Source material:
╭──
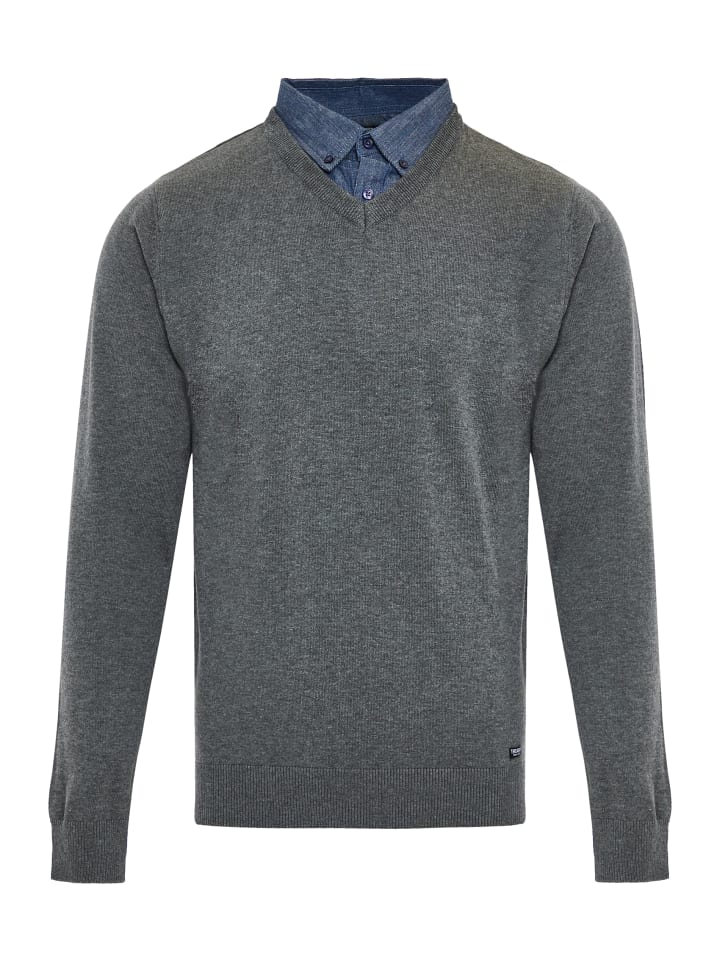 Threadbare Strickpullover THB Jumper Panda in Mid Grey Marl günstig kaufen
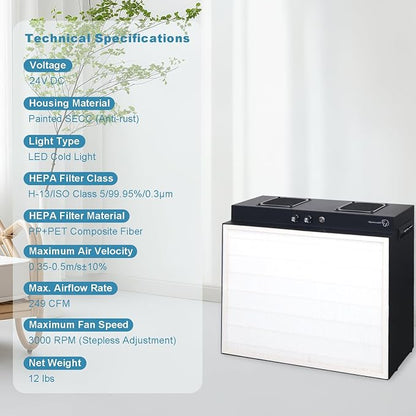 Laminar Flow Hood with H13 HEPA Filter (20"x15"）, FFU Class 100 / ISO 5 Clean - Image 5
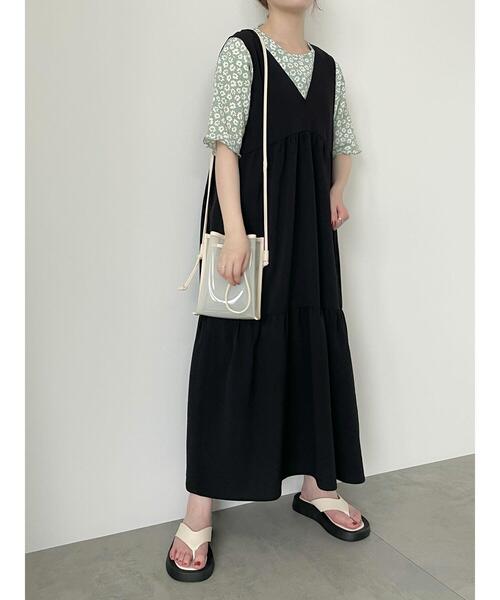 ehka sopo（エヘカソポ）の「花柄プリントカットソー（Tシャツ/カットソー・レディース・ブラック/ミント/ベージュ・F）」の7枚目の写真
╰──
Exercise goal: Exclude all pictures and reproduce verbatim the lines running from the line that contains "Laminar Flow Hood" to the end of the data above, both ends included.

Solution to this exercise:
 Laminar Flow Hood with H13 HEPA Filter (20"x15"）, FFU Class 100 / ISO 5 Clean - Image 5
 ehka sopo（エヘカソポ）の「花柄プリントカットソー（Tシャツ/カットソー・レディース・ブラック/ミント/ベージュ・F）」の7枚目の写真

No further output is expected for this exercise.